• _Problem_: Should any entry include an image, skip the image and copy the entry exactly.

• _Excerpted data_:

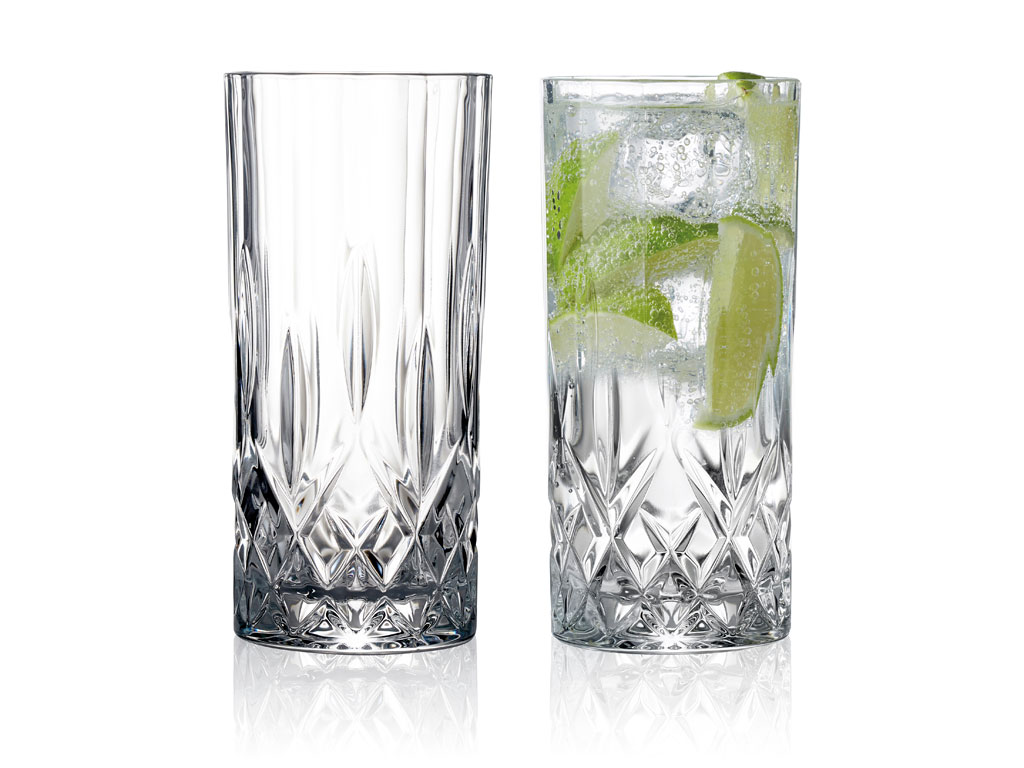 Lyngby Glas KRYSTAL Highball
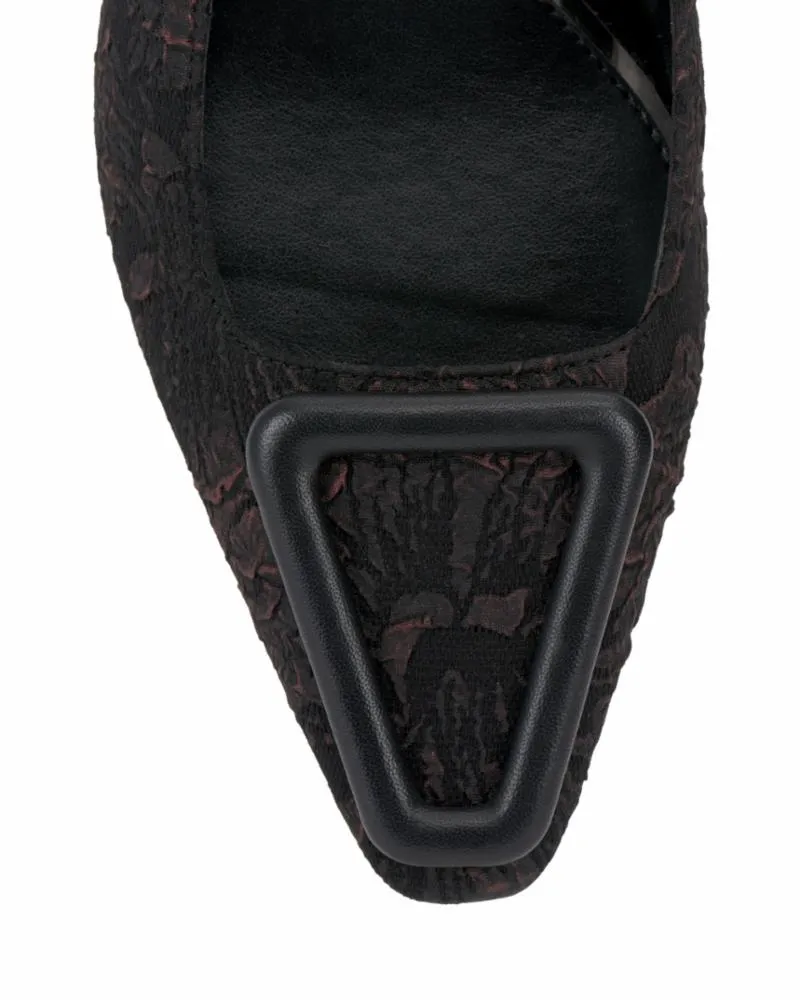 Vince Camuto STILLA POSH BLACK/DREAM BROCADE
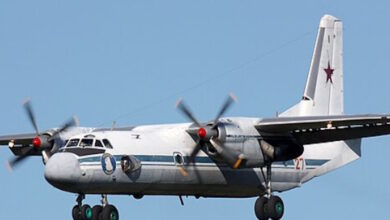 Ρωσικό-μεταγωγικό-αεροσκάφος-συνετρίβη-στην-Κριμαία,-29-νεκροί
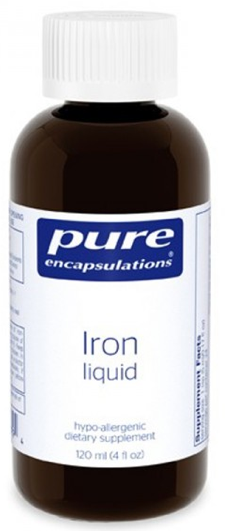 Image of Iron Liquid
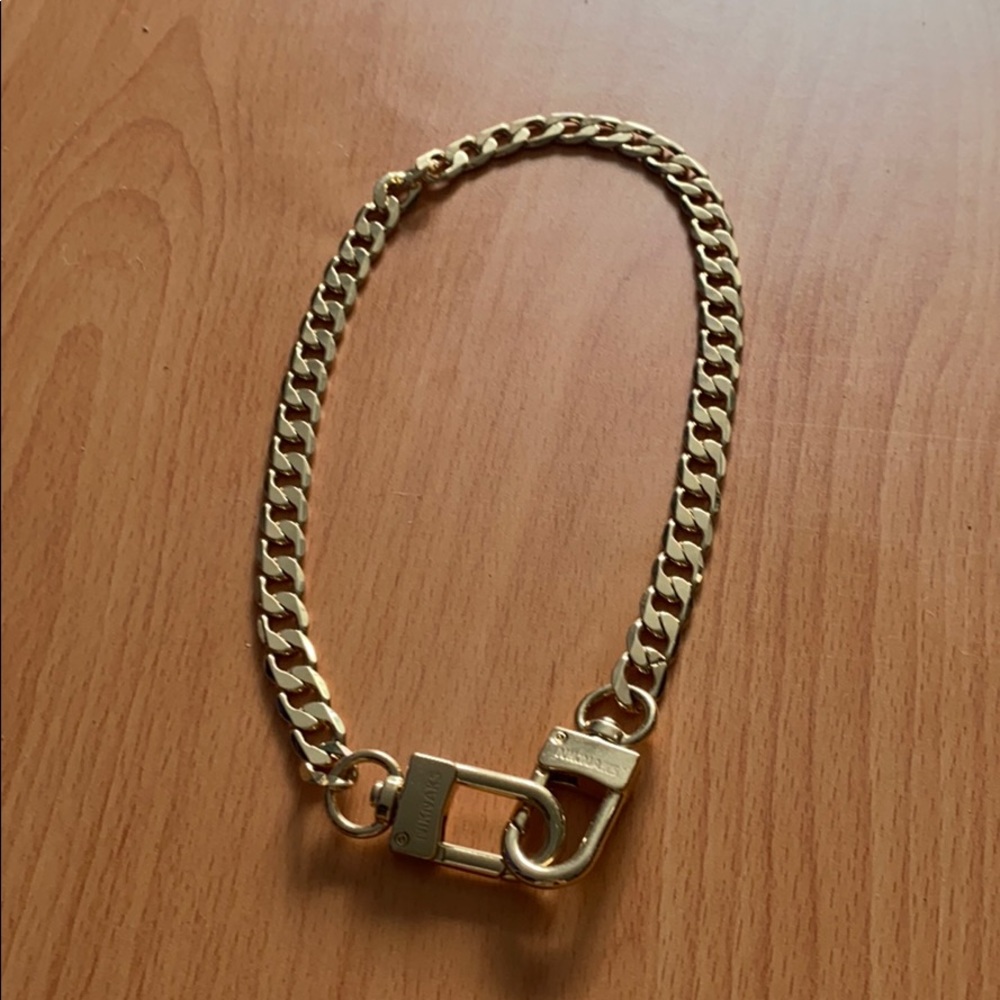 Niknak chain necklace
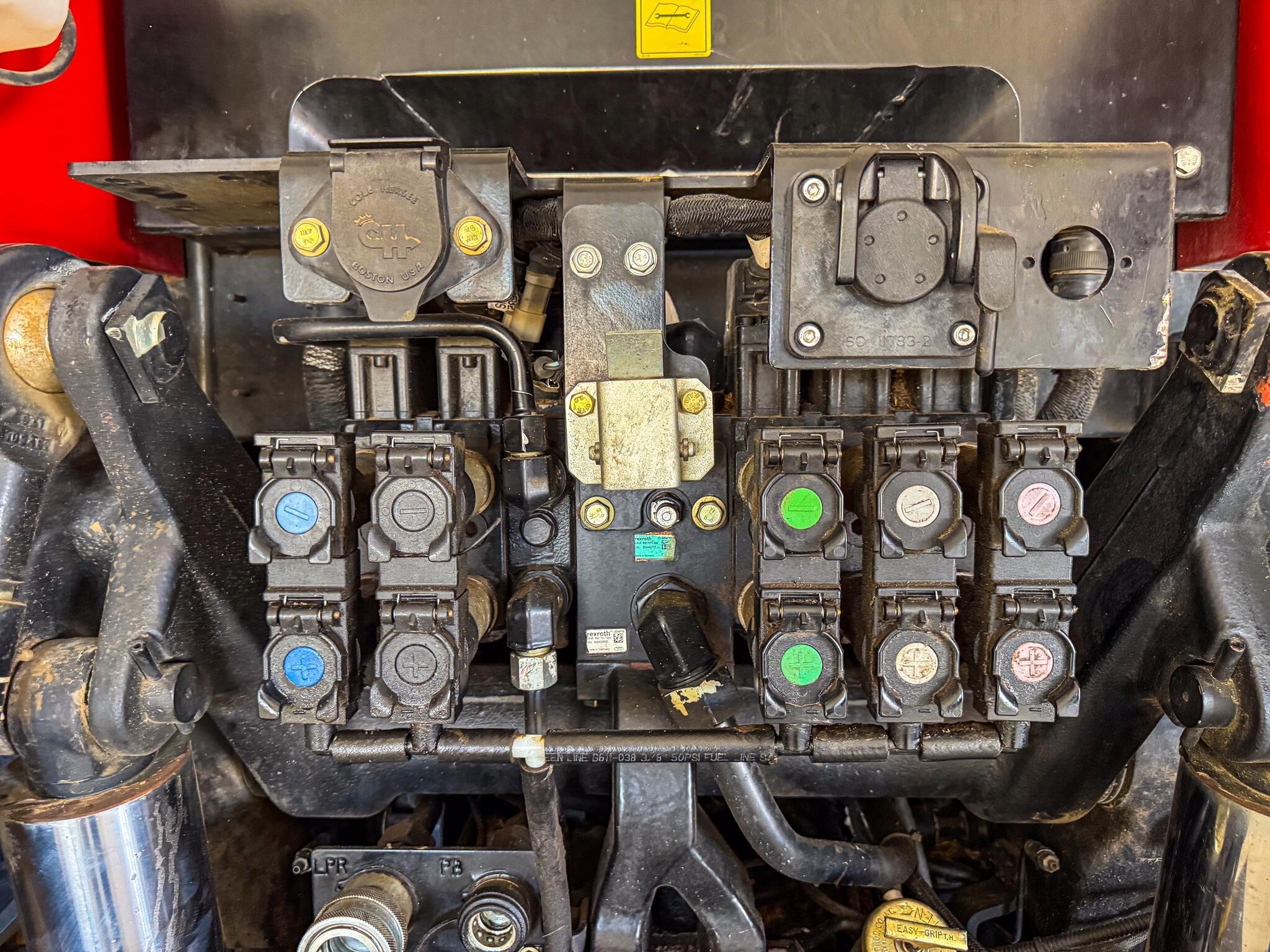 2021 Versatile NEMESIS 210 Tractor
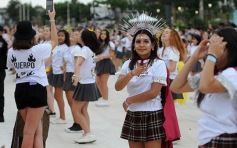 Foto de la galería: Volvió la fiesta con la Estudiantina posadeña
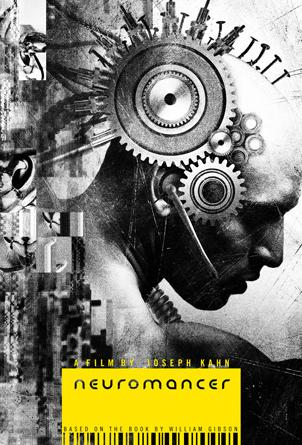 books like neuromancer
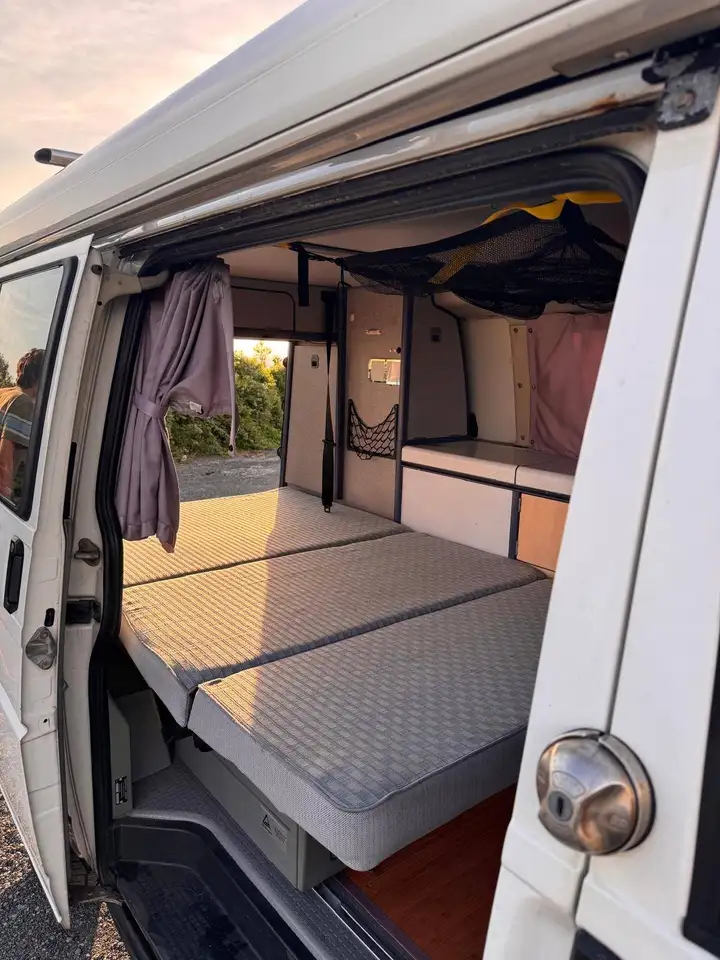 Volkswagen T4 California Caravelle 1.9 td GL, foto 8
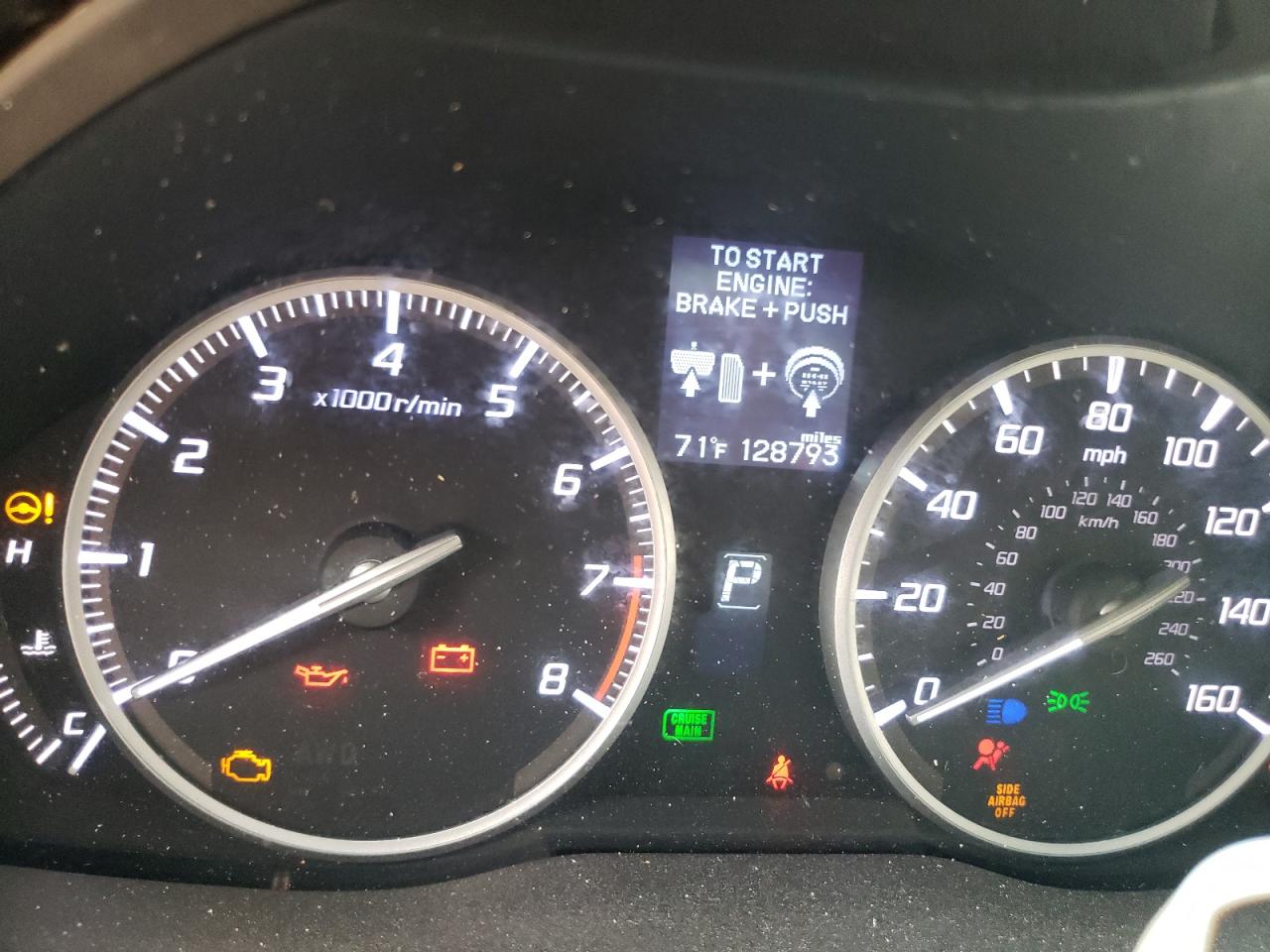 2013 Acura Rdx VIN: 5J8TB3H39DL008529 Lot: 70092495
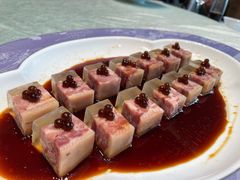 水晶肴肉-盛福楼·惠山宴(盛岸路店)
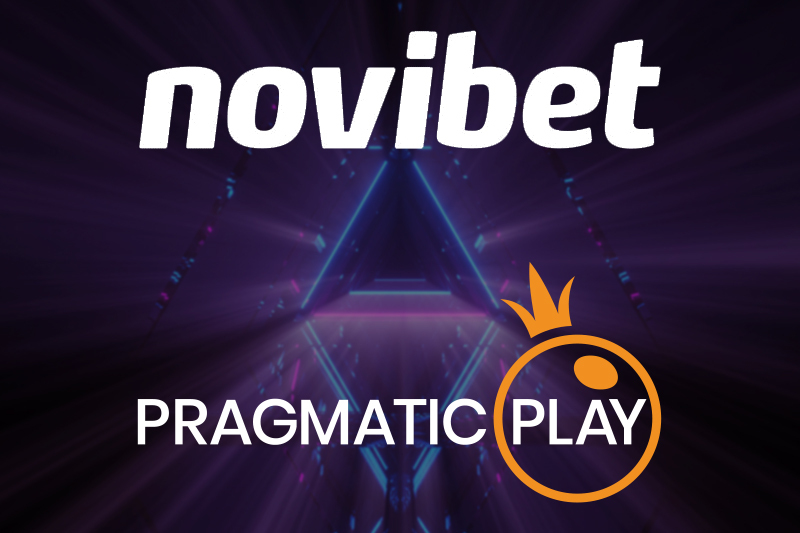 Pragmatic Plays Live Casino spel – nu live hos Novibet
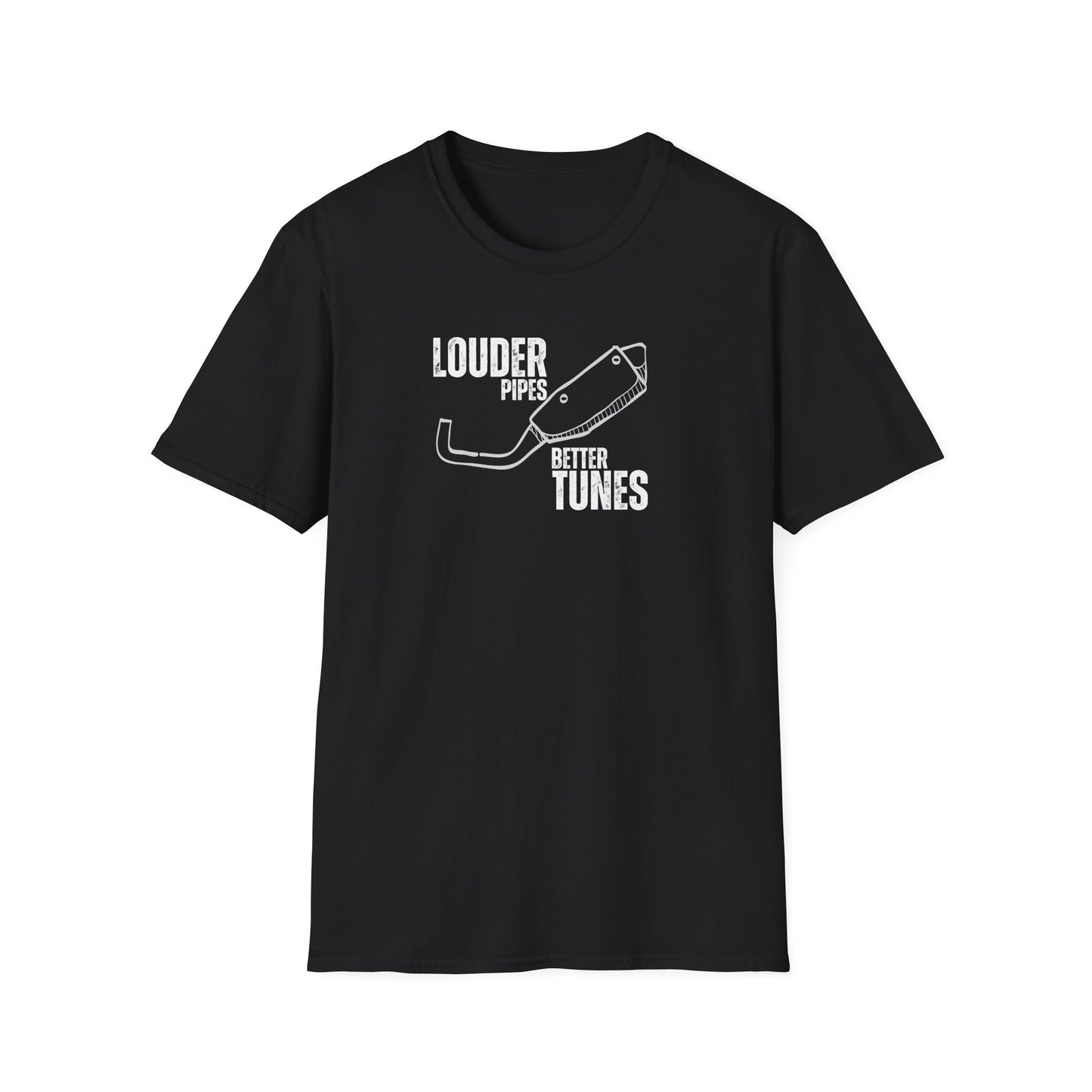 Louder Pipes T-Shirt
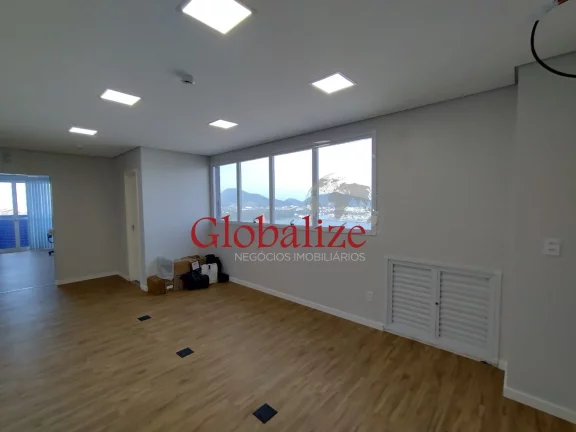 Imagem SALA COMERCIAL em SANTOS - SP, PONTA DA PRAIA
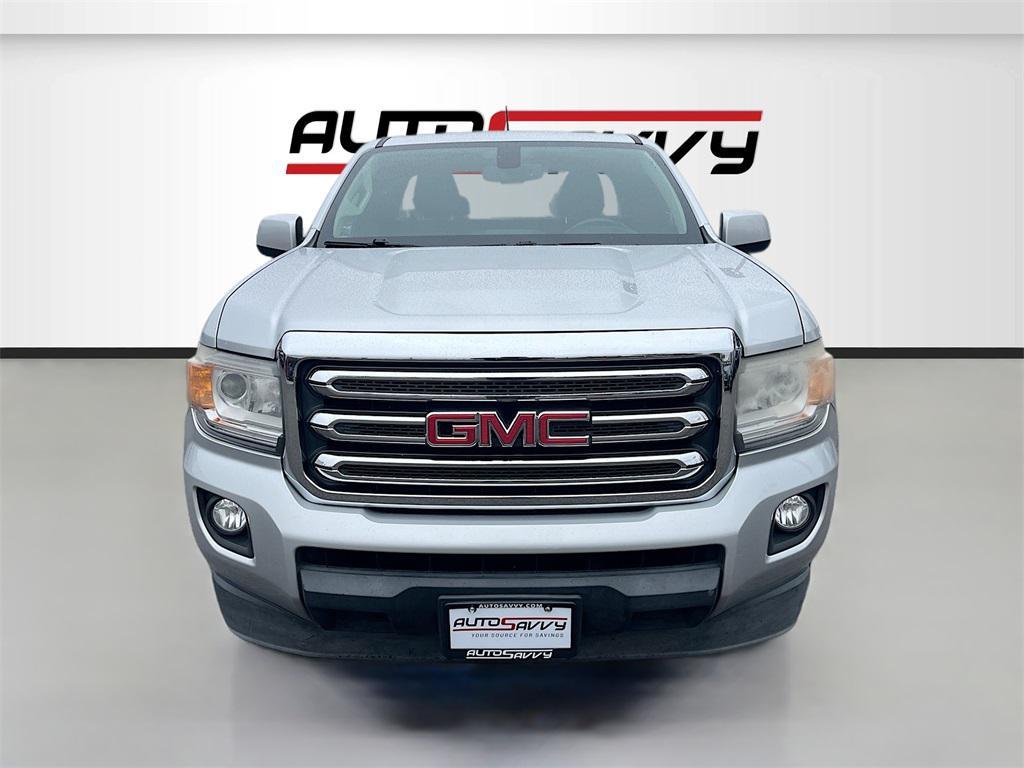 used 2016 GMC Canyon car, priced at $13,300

• _Solution for this task_:
 Lyngby Glas KRYSTAL Highball
 Vince Camuto STILLA POSH BLACK/DREAM BROCADE
 Ρωσικό-μεταγωγικό-αεροσκάφος-συνετρίβη-στην-Κριμαία,-29-νεκροί
 Image of Iron Liquid
 Niknak chain necklace
 2021 Versatile NEMESIS 210 Tractor
 Foto de la galería: Volvió la fiesta con la Estudiantina posadeña
 books like neuromancer
 Volkswagen T4 California Caravelle 1.9 td GL, foto 8
 2013 Acura Rdx VIN: 5J8TB3H39DL008529 Lot: 70092495
 水晶肴肉-盛福楼·惠山宴(盛岸路店)
 Pragmatic Plays Live Casino spel – nu live hos Novibet
 Louder Pipes T-Shirt
 Imagem SALA COMERCIAL em SANTOS - SP, PONTA DA PRAIA
 used 2016 GMC Canyon car, priced at $13,300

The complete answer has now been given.